▶ **WHAT YOU ARE ASKED TO DO**: Each of the entries below needs to be given again exactly.

▼

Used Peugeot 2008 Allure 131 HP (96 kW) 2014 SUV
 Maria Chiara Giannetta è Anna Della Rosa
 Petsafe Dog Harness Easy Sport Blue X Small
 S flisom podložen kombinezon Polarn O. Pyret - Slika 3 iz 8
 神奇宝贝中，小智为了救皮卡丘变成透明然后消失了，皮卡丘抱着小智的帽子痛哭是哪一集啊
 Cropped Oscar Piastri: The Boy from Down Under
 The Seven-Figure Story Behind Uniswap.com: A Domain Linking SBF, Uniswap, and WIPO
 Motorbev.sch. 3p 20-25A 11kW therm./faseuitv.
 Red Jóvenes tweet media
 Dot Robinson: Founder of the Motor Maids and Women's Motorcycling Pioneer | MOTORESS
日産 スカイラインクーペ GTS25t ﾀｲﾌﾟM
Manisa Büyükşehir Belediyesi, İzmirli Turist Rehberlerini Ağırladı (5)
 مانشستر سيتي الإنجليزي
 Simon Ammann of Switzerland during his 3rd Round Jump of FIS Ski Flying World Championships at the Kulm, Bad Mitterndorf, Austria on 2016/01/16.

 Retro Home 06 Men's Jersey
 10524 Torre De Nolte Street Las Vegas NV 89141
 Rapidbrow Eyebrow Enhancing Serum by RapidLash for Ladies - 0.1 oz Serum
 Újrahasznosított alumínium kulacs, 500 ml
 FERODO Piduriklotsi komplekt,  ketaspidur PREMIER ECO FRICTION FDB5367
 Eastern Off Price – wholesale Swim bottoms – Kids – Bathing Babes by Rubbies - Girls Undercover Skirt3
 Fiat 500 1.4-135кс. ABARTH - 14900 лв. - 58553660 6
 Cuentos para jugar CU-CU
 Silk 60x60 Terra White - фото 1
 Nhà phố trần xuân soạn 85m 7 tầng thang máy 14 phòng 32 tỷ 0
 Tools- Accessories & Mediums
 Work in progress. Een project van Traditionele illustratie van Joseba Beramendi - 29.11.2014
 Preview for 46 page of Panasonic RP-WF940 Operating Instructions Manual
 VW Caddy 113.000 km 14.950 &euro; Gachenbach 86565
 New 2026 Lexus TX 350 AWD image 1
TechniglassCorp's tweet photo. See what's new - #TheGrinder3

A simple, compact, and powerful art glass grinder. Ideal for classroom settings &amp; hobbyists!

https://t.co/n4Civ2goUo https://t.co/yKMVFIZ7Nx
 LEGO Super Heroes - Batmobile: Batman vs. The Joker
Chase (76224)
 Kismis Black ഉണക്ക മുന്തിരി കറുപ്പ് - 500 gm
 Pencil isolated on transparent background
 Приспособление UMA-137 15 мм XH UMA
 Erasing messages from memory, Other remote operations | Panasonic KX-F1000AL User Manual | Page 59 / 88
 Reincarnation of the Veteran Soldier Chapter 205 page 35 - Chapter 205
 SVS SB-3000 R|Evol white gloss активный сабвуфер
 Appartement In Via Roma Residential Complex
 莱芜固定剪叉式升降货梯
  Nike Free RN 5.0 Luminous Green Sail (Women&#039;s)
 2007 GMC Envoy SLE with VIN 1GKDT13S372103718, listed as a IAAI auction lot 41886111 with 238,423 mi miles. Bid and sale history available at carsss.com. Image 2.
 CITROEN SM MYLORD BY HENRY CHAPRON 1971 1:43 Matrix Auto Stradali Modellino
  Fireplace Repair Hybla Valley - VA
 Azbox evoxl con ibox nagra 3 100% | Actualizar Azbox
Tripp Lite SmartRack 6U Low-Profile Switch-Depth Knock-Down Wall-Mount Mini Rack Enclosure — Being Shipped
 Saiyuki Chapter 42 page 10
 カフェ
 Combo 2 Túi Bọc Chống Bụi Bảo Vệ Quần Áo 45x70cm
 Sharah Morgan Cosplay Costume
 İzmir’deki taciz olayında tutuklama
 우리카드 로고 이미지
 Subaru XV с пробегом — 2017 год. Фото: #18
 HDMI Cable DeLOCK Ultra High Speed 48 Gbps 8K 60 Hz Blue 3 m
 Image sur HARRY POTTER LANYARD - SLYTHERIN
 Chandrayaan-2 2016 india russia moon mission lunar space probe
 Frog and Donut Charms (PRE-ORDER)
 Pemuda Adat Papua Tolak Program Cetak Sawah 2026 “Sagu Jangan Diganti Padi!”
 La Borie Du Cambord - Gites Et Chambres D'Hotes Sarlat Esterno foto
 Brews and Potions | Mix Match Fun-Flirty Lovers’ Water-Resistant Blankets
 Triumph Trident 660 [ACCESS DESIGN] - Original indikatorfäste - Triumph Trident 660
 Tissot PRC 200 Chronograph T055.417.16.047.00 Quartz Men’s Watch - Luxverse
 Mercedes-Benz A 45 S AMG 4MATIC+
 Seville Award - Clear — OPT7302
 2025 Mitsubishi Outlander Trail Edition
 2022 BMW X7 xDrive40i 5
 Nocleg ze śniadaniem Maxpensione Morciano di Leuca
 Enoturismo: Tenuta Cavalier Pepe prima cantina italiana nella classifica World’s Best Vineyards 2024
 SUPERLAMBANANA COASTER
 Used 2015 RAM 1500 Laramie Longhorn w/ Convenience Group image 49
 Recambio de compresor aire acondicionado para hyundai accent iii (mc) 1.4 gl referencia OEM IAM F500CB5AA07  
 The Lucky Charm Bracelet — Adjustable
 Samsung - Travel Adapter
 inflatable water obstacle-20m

▲

▶ **RESPONSE BOX**:
Used Peugeot 2008 Allure 131 HP (96 kW) 2014 SUV
 Maria Chiara Giannetta è Anna Della Rosa
 Petsafe Dog Harness Easy Sport Blue X Small
 S flisom podložen kombinezon Polarn O. Pyret - Slika 3 iz 8
 神奇宝贝中，小智为了救皮卡丘变成透明然后消失了，皮卡丘抱着小智的帽子痛哭是哪一集啊
 Cropped Oscar Piastri: The Boy from Down Under
 The Seven-Figure Story Behind Uniswap.com: A Domain Linking SBF, Uniswap, and WIPO
 Motorbev.sch. 3p 20-25A 11kW therm./faseuitv.
 Red Jóvenes tweet media
 Dot Robinson: Founder of the Motor Maids and Women's Motorcycling Pioneer | MOTORESS
日産 スカイラインクーペ GTS25t ﾀｲﾌﾟM
Manisa Büyükşehir Belediyesi, İzmirli Turist Rehberlerini Ağırladı (5)
 مانشستر سيتي الإنجليزي
 Simon Ammann of Switzerland during his 3rd Round Jump of FIS Ski Flying World Championships at the Kulm, Bad Mitterndorf, Austria on 2016/01/16.

 Retro Home 06 Men's Jersey
 10524 Torre De Nolte Street Las Vegas NV 89141
 Rapidbrow Eyebrow Enhancing Serum by RapidLash for Ladies - 0.1 oz Serum
 Újrahasznosított alumínium kulacs, 500 ml
 FERODO Piduriklotsi komplekt,  ketaspidur PREMIER ECO FRICTION FDB5367
 Eastern Off Price – wholesale Swim bottoms – Kids – Bathing Babes by Rubbies - Girls Undercover Skirt3
 Fiat 500 1.4-135кс. ABARTH - 14900 лв. - 58553660 6
 Cuentos para jugar CU-CU
 Silk 60x60 Terra White - фото 1
 Nhà phố trần xuân soạn 85m 7 tầng thang máy 14 phòng 32 tỷ 0
 Tools- Accessories & Mediums
 Work in progress. Een project van Traditionele illustratie van Joseba Beramendi - 29.11.2014
 Preview for 46 page of Panasonic RP-WF940 Operating Instructions Manual
 VW Caddy 113.000 km 14.950 &euro; Gachenbach 86565
 New 2026 Lexus TX 350 AWD image 1
TechniglassCorp's tweet photo. See what's new - #TheGrinder3

A simple, compact, and powerful art glass grinder. Ideal for classroom settings &amp; hobbyists!

https://t.co/n4Civ2goUo https://t.co/yKMVFIZ7Nx
 LEGO Super Heroes - Batmobile: Batman vs. The Joker
Chase (76224)
 Kismis Black ഉണക്ക മുന്തിരി കറുപ്പ് - 500 gm
 Pencil isolated on transparent background
 Приспособление UMA-137 15 мм XH UMA
 Erasing messages from memory, Other remote operations | Panasonic KX-F1000AL User Manual | Page 59 / 88
 Reincarnation of the Veteran Soldier Chapter 205 page 35 - Chapter 205
 SVS SB-3000 R|Evol white gloss активный сабвуфер
 Appartement In Via Roma Residential Complex
 莱芜固定剪叉式升降货梯
  Nike Free RN 5.0 Luminous Green Sail (Women&#039;s)
 2007 GMC Envoy SLE with VIN 1GKDT13S372103718, listed as a IAAI auction lot 41886111 with 238,423 mi miles. Bid and sale history available at carsss.com. Image 2.
 CITROEN SM MYLORD BY HENRY CHAPRON 1971 1:43 Matrix Auto Stradali Modellino
  Fireplace Repair Hybla Valley - VA
 Azbox evoxl con ibox nagra 3 100% | Actualizar Azbox
Tripp Lite SmartRack 6U Low-Profile Switch-Depth Knock-Down Wall-Mount Mini Rack Enclosure — Being Shipped
 Saiyuki Chapter 42 page 10
 カフェ
 Combo 2 Túi Bọc Chống Bụi Bảo Vệ Quần Áo 45x70cm
 Sharah Morgan Cosplay Costume
 İzmir’deki taciz olayında tutuklama
 우리카드 로고 이미지
 Subaru XV с пробегом — 2017 год. Фото: #18
 HDMI Cable DeLOCK Ultra High Speed 48 Gbps 8K 60 Hz Blue 3 m
 Image sur HARRY POTTER LANYARD - SLYTHERIN
 Chandrayaan-2 2016 india russia moon mission lunar space probe
 Frog and Donut Charms (PRE-ORDER)
 Pemuda Adat Papua Tolak Program Cetak Sawah 2026 “Sagu Jangan Diganti Padi!”
 La Borie Du Cambord - Gites Et Chambres D'Hotes Sarlat Esterno foto
 Brews and Potions | Mix Match Fun-Flirty Lovers’ Water-Resistant Blankets
 Triumph Trident 660 [ACCESS DESIGN] - Original indikatorfäste - Triumph Trident 660
 Tissot PRC 200 Chronograph T055.417.16.047.00 Quartz Men’s Watch - Luxverse
 Mercedes-Benz A 45 S AMG 4MATIC+
 Seville Award - Clear — OPT7302
 2025 Mitsubishi Outlander Trail Edition
 2022 BMW X7 xDrive40i 5
 Nocleg ze śniadaniem Maxpensione Morciano di Leuca
 Enoturismo: Tenuta Cavalier Pepe prima cantina italiana nella classifica World’s Best Vineyards 2024
 SUPERLAMBANANA COASTER
 Used 2015 RAM 1500 Laramie Longhorn w/ Convenience Group image 49
 Recambio de compresor aire acondicionado para hyundai accent iii (mc) 1.4 gl referencia OEM IAM F500CB5AA07  
 The Lucky Charm Bracelet — Adjustable
 Samsung - Travel Adapter
 inflatable water obstacle-20m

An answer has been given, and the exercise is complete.